Finally! Nancy Duarte, the Principle of Duarte Design (the firm behind the creation of Al Gore's Oscar-winning presentations), has published a presentation book for the rest of us. It's called Slide:ology: The Art and Science of Creating Great Presentations. Slide:ology is practical, it's highly visual, and it's beautiful. I love this book. Slide:ology should come bundled with every copy of PowerPoint or Keynote ever sold from now on. I received a draft copy about three months ago that blew me away — the final product is even better than I expected. I just got my copy over the weekend. At 274 pages, the book is meaty without being bloated. This book is not the last word on presentation, but it's the best book on the art (and science) of creating and delivering presentations with the help of multimedia written to date. Period. A really cool feature in the book is that many of the presentations Nancy shows in her book are available for download or can be seen via video on a specially created Slide:ology website for free. There are no longer any excuses for really bad presentations.
The book has twelve chapters: (1) Creating a new slide ideology. (2) Creating ideas, not slides. (3) Creating Diagrams. (4) Displaying Data. (5) Thinking like a designer. (6) Arranging elements. (7) Using visual elements: background, color, and text. (8) Using visual images. (9) Creating movement. (10) Governing with templates. (11) Interacting with slides. (12) Manifesto: The five theses of the power of a presentation.
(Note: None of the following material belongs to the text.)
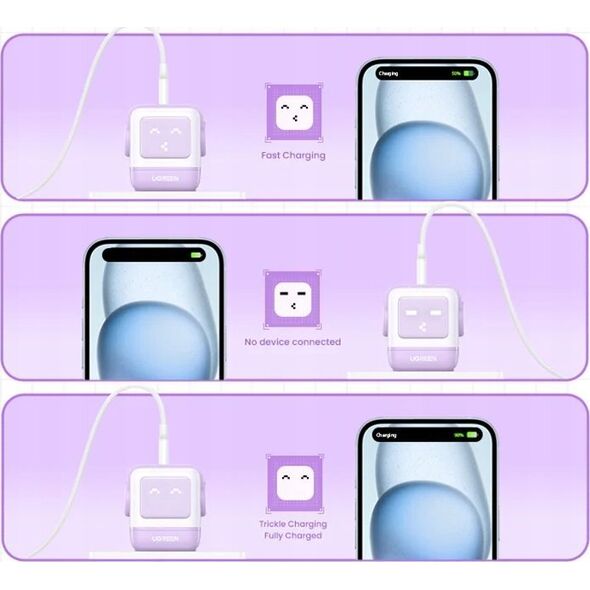 Ładowarka Ugreen Ładowarka sieciowa UGREEN Nexode Robot GaN 2xUSB-A, USB-C 65W fioletowa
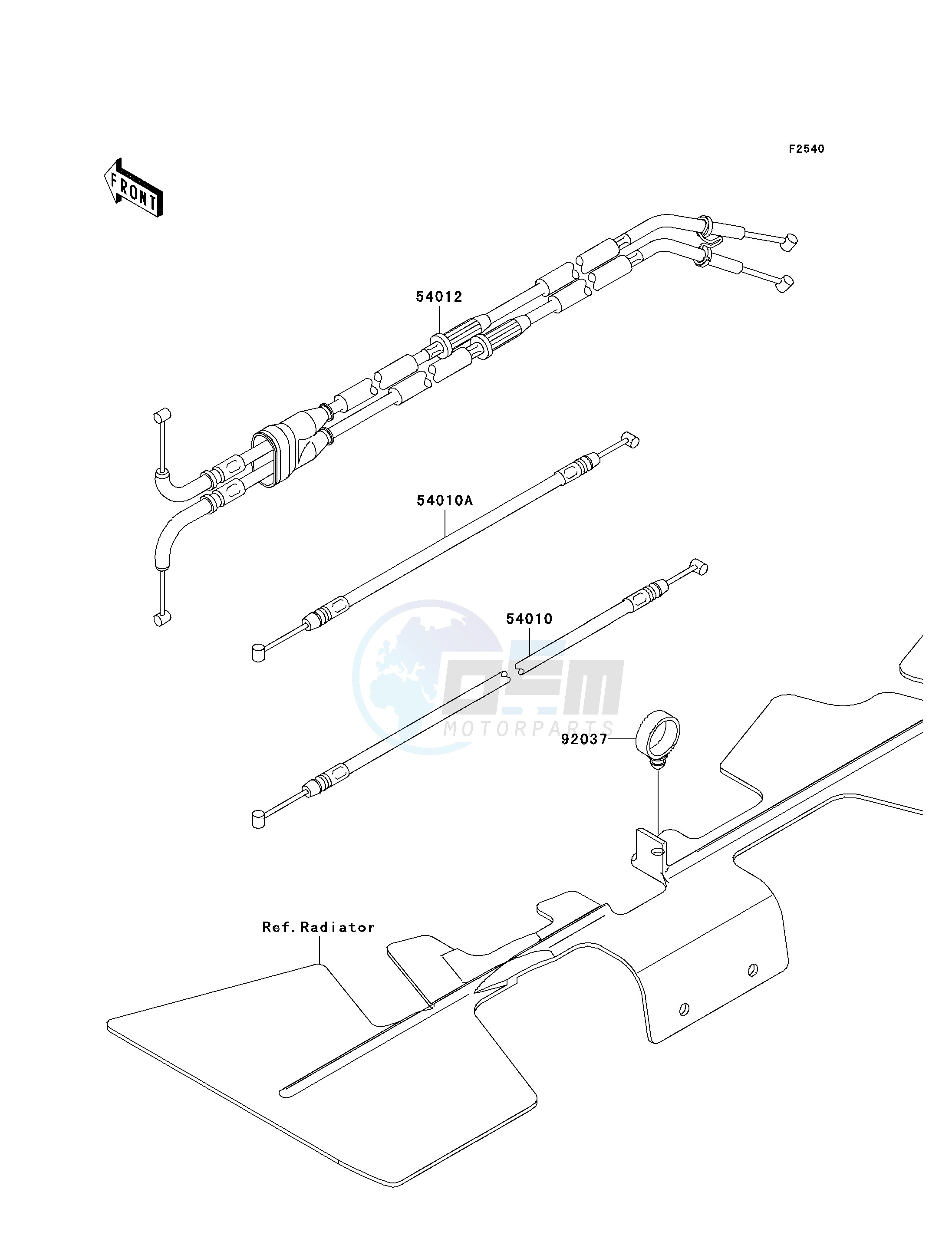 CABLES blueprint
I hope to put a Slideshare together in future which covers some of the more salient points in the book. But that takes time. So today I put together a short video embedded in a few Keynote slides as a way of (1) saying how much I love the book and (2) demonstrating how easy it is to place elements in Keynote and save the file as a self-contained video. It took about an hour (mostly editing images). All that was needed was Keynote and basic photo-editing software. Yeah, it's rough, but it was down-n-dirty (i.e., quick and simple). Even the video camera was just a cheap but useful Nikon point-n-shoot.